Drainage: A Unifying Framework for Addressing Class Uncertainty
Yasser Taha, Grégoire Montavon, Nils Körber
TL;DR
Drainage introduces a drainage node appended to the output layer to explicitly allocate uncertainty, enabling robust handling of noisy and ambiguous labels. The drainage loss incentivizes reallocating probability to the drainage and target classes while suppressing non-targets, with proven monotonicity and convexity properties. Empirically, Drainage yields substantial gains under high noise on CIFAR-10/100 and competitive results on WebVision, Clothing-1M, and ILSVRC-12, while providing qualitative evidence of denoising and more stable decision boundaries.
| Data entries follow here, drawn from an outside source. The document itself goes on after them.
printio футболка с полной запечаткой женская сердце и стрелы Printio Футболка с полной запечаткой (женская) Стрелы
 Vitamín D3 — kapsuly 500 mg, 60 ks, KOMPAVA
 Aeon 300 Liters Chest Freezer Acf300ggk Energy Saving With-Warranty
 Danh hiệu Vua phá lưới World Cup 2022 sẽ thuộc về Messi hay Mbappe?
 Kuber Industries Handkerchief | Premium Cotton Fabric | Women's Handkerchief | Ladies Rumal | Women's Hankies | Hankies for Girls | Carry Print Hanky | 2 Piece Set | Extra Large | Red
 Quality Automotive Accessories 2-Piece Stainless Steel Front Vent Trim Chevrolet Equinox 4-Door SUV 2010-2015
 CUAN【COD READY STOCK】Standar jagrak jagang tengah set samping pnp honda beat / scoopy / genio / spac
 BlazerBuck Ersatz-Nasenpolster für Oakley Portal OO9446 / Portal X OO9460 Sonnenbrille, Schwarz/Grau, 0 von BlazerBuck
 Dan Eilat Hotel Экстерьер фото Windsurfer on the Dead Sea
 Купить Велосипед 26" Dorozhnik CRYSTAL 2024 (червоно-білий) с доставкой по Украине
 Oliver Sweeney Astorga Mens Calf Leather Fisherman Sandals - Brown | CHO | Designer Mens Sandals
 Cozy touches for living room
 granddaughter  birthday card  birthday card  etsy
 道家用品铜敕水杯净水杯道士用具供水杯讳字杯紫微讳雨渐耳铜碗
The approach also supports Open Set Recognition by supplying an explicit unknown score, illustrating its versatility for both robust classification and open-set tasks with end-to-end training.
Abstract
Modern deep learning faces significant challenges with noisy labels, class ambiguity, as well as the need to robustly reject out-of-distribution or corrupted samples. In this work, we propose a unified framework based on the concept of a "drainage node'' which we add at the output of the network. The node serves to reallocate probability mass toward uncertainty, while preserving desirable properties such as end-to-end training and differentiability. This mechanism provides a natural escape route for highly ambiguous, anomalous, or noisy samples, particularly relevant for instance-dependent and asymmetric label noise. In systematic experiments involving the addition of varying proportions of instance-dependent noise or asymmetric noise to CIFAR-10/100 labels, our drainage formulation achieves an accuracy increase of up to 9\% over existing approaches in the high-noise regime. Our results on real-world datasets, such as mini-WebVision, mini-ImageNet and Clothing-1M, match or surpass existing state-of-the-art methods. Qualitative analysis reveals a denoising effect, where the drainage neuron consistently absorbs corrupt, mislabeled, or outlier data, leading to more stable decision boundaries. Furthermore, our drainage formulation enables applications well beyond classification, with immediate benefits for web-scale, semi-supervised dataset cleaning, and open-set applications.